14 avril : ceux à qui on a beaucoup pardonné montreront beaucoup d’amour !

A propos de la fin de ce premier discours de Pierre, vous connaissez la boutade que l’on fait habituellement : Pierre, une homélie, 3000 conversions et nous, 3000 homélies et une conversion ! Ça, c’était pour sourire parce qu’il faut bien que nous puissions sourire puisque, après les annonces de notre président, hier soir, il semble que mon CDD parmi vous soit prolongé d’un mois et peut-être bien plus, vous demanderez à Anaelle pourquoi je dis ça !

Aujourd’hui, c’est surtout sur l’Evangile que j’aimerais m’arrêter. Vous connaissez la conclusion que tire Jésus du geste d’amour dont il a bénéficié, chez Simon le pharisien, de la part de cette femme pécheresse qui a toutes les chances d’être Marie-Madeleine, il dit : « ses péchés, ses nombreux péchés, sont pardonnés, puisqu’elle a montré beaucoup d’amour. Mais celui à qui on pardonne peu montre peu d’amour. »

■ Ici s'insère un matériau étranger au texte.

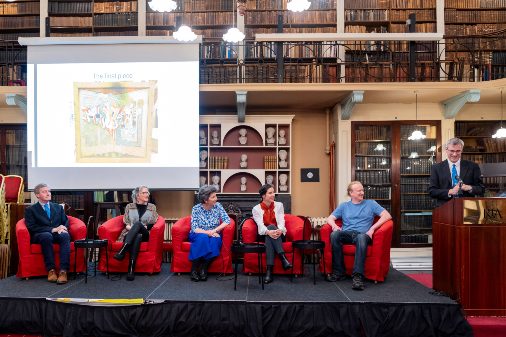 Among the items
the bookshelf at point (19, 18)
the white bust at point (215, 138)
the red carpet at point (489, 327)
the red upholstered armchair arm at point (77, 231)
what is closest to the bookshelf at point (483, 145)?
the white bust at point (215, 138)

J’aime particulièrement cette parole de Jésus parce qu’elle vient remettre les pendules à l’heure ! Nous, nous aimerions que chaque pardon soit un pas de plus vers l’impeccabilité, je prends ce mot au sens littéral, c’est-à-dire vers une vie sans péché. Qu’il ou elle me jette la première pierre, celui ou celle qui n’a jamais rêvé de pouvoir arriver devant son confesseur en disant : ce mois, zéro péché ! Nous pouvons tous le reconnaître, c’est humiliant de confesser ces péchés soit parce qu’ils sont trop récurrents ou soit parce qu’ils marquent tellement notre éloignement avec notre état de vie, notre désir de nous donner totalement. Ce n’est pas que par orgueil que nous aimerions pouvoir dire : zéro défaut, que nous rêvons d’impeccabilité ! C’est aussi pour que notre témoignage soit plus limpide.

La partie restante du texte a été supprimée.